Alexander, who grew up in Citrus County, said he didn't remember anything like this happening.
"That same person has got to face God for what they've done," he said. "We've never had a problem like that . . . even in the integration of schools."
Hate crimes have occurred in Citrus County, though, according to the state Attorney General's Office.
Since 1994, there have been 16 crimes designated as hate crimes. The most recent was reported in Inverness in April 2005, when a black man found a note in his mailbox that contained a racial epithet and a drawing of a person who had been hanged, said sheriff's spokeswoman Gail Tierney.
Statewide, hate crimes were up by more than 21 percent in 2004 from the previous year, according to the office. There were 334. Statistics for 2005 were not yet available from the office's Web site.
Perhaps the most high-profile local hate crime in recent years was the 1996 beating of a former Miss Citrus County, a white woman, and her boyfriend, a black man.

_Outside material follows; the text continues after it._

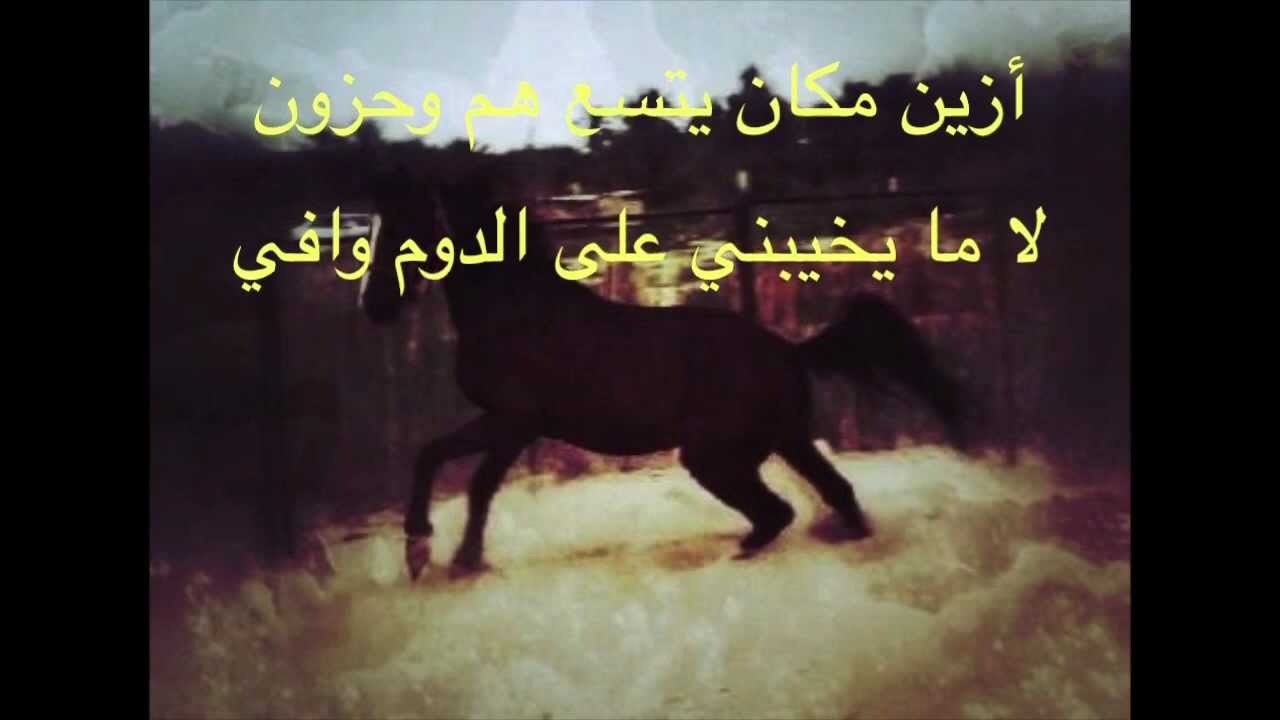 شعر عن ركوب الخيل - الى محبى ركوب الخيل -D8-B4-D8-B9-D8-B1 -D8-B9-D9-86 -D8-A7-D9-84-D8-Ae-D9-8A-D8-A7-D9-84 -D8-A7-D8-B4-D8-B9-D8-A7-D8-B1 -D8-B1-D8-A7-D8-A6-D8-B9-D9-87 -D9-88 -D9-85-D8-B9-D8-A8-D8-B1-D8-A9 -D8-Ac-D8-Af-D8-A7 8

In March 1996, Amy Fallon, then 21, and her boyfriend, Robert Crowell, also 21, were attacked at Southside Harry's Bar and Grill. Witnesses said a group of about nine men and women sitting at a nearby table began insulting Crowell for dating a white woman.
Fallon and Crowell were beaten and kicked on their faces and heads. Crowell suffered the worst injuries, including a concussion, which required staples in his head after being smashed with a beer mug.
Chessley Yearwood, a 57-year-old Hernando County man, was later convicted of aggravated battery with great bodily harm in connection with the beatings and sentenced to the harshest penalty allowed: five years in state prison. Yearwood is currently on probation for the crime, according to the state Department of Corrections.